With pictures excluded, retype exactly every line from the one containing "售價(jià)過千的智能手環(huán)強(qiáng)在哪？Fitbit Charge 4告訴你：這就叫專業(yè)" to the end of the records below.

:: INPUT DATA

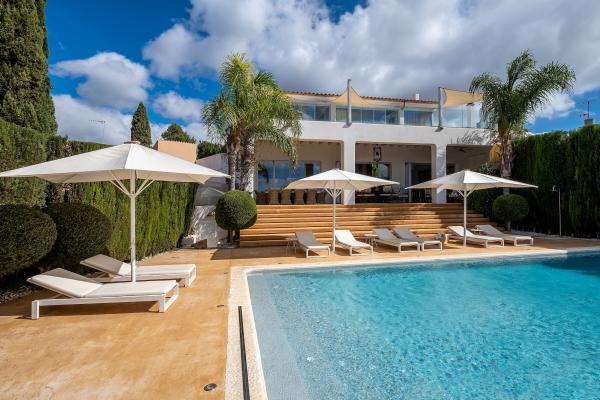 Villa Tiera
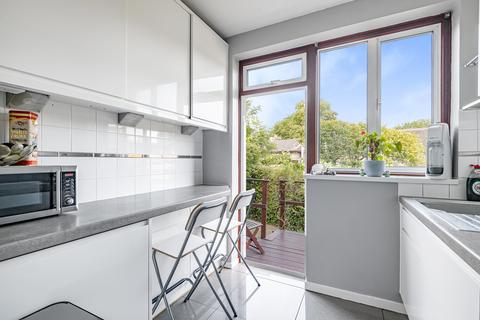 18 Alexandra Gardens, London, N10 3RL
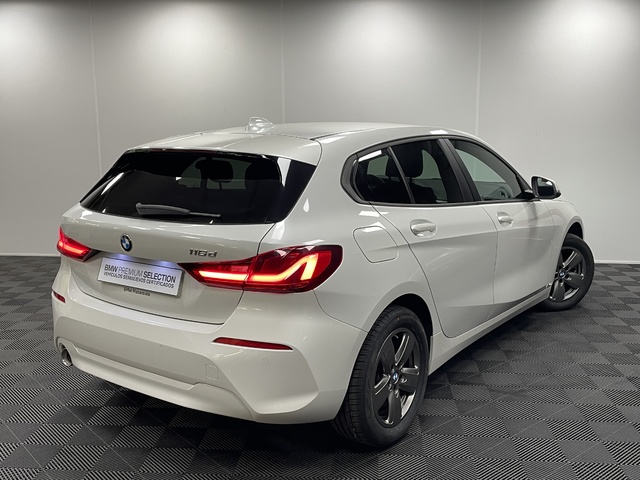 BMW Serie 1 116d color Blanco. Año 2021. 85KW(116CV). Diésel. En concesionario Maberauto de Castellón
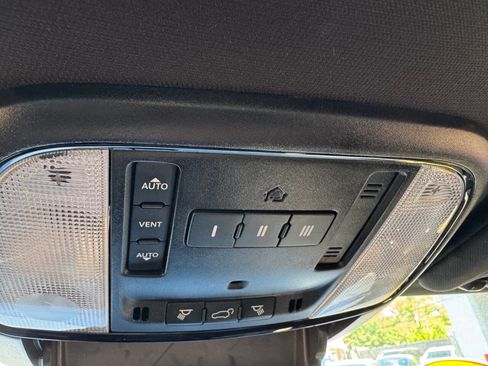 Used 2022 Dodge Durango GT AWD/4WD image 22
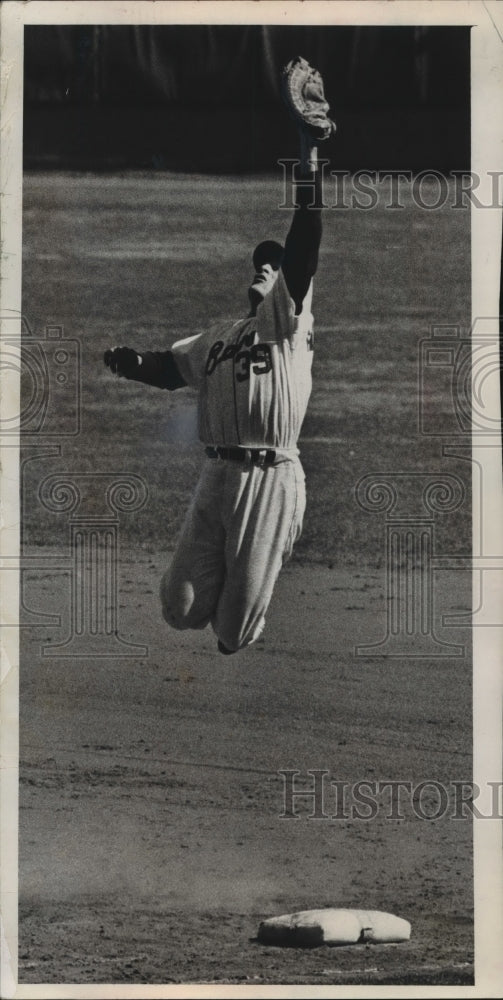 1983 Press Photo Len Gabrielson snags liner at first base against the Mets.- Historic Images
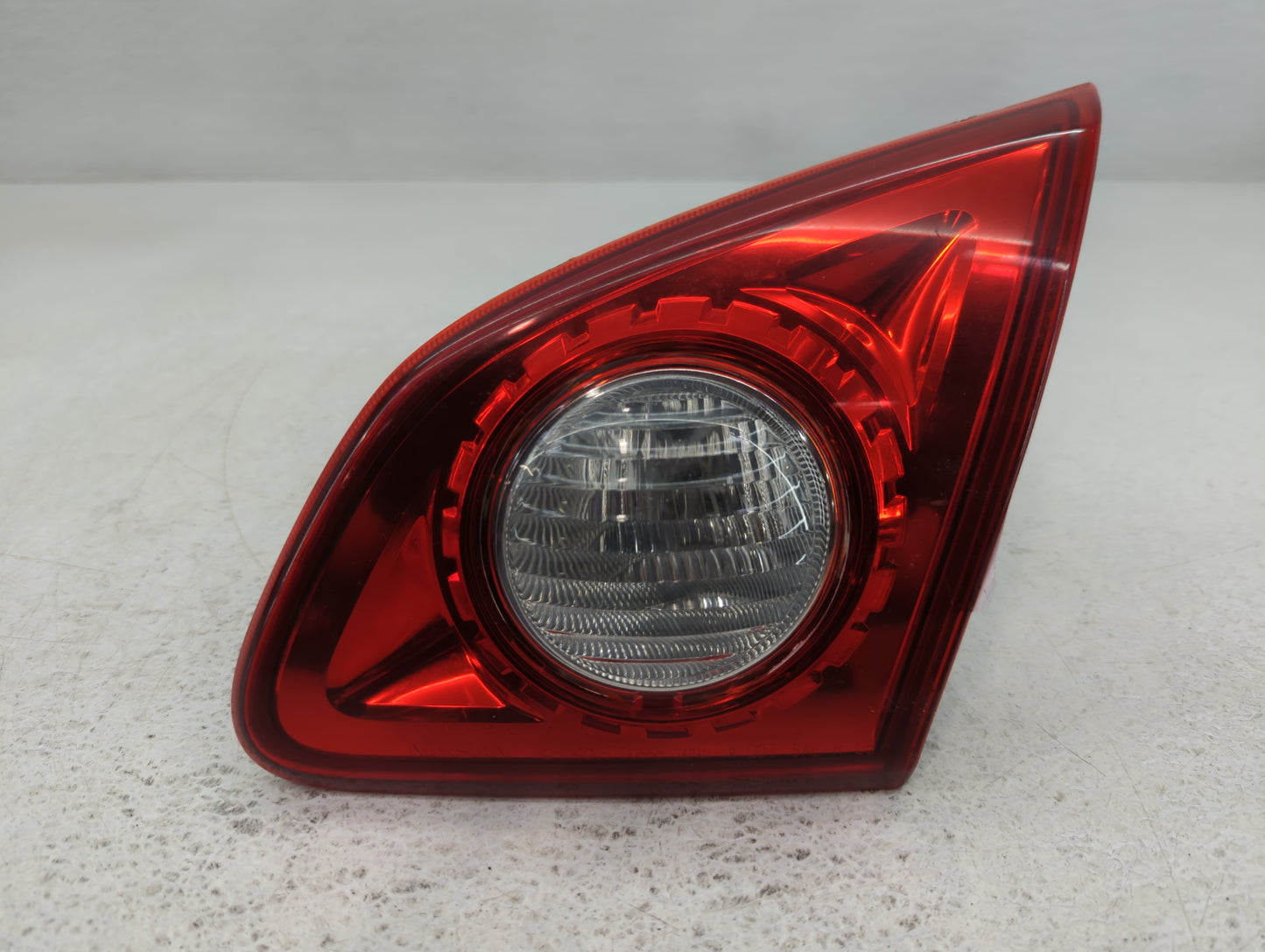 2008 Nissan Rogue Tail Light Assembly Passenger Right OEM P/N:D055B Fits OEM Used Auto Parts - Oemusedautoparts1.com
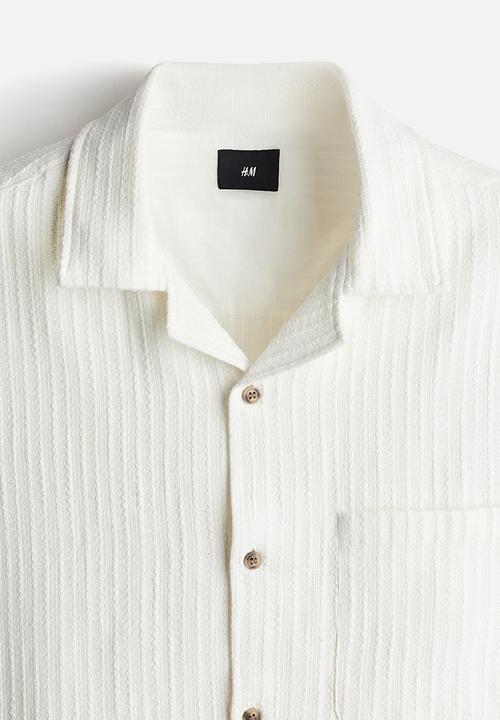 H&M - Regular fit textured resort shirt - white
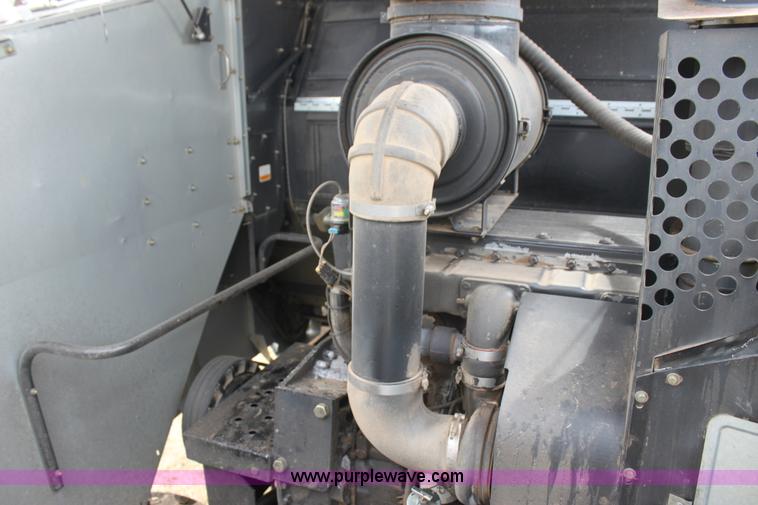 image for item F3342 2001 Gleaner R72 RWA combine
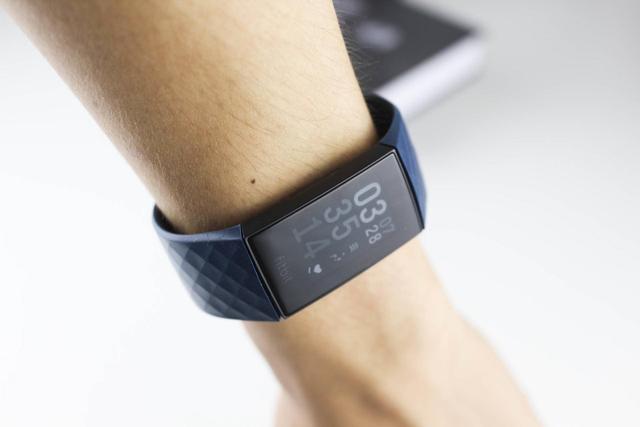 售價(jià)過千的智能手環(huán)強(qiáng)在哪？Fitbit Charge 4告訴你：這就叫專業(yè)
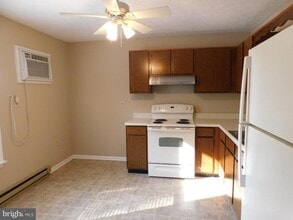 Building Photo - 2924 Packer St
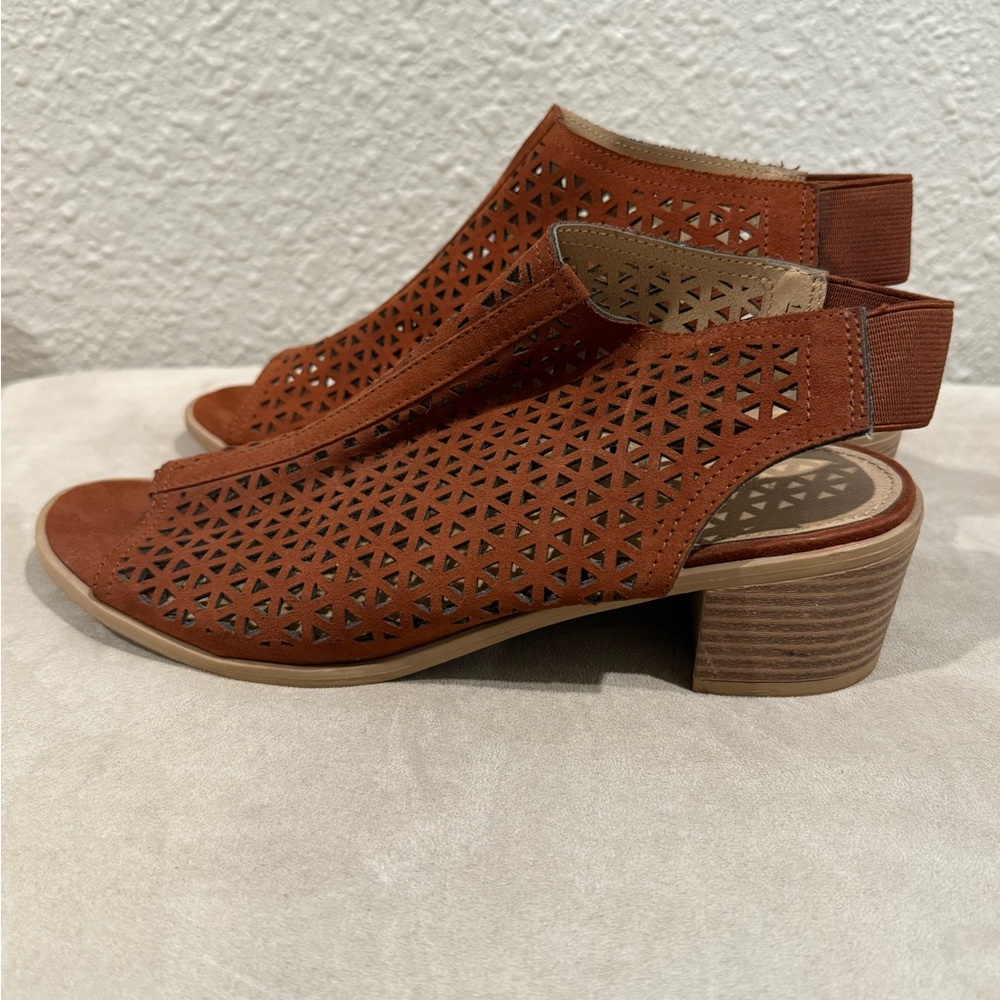 American Eagle Women's Brown Peep-Toe Sandals Size‎ 7.5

::::

= OUTPUT BELOW =
 售價(jià)過千的智能手環(huán)強(qiáng)在哪？Fitbit Charge 4告訴你：這就叫專業(yè)
 Building Photo - 2924 Packer St
 American Eagle Women's Brown Peep-Toe Sandals Size‎ 7.5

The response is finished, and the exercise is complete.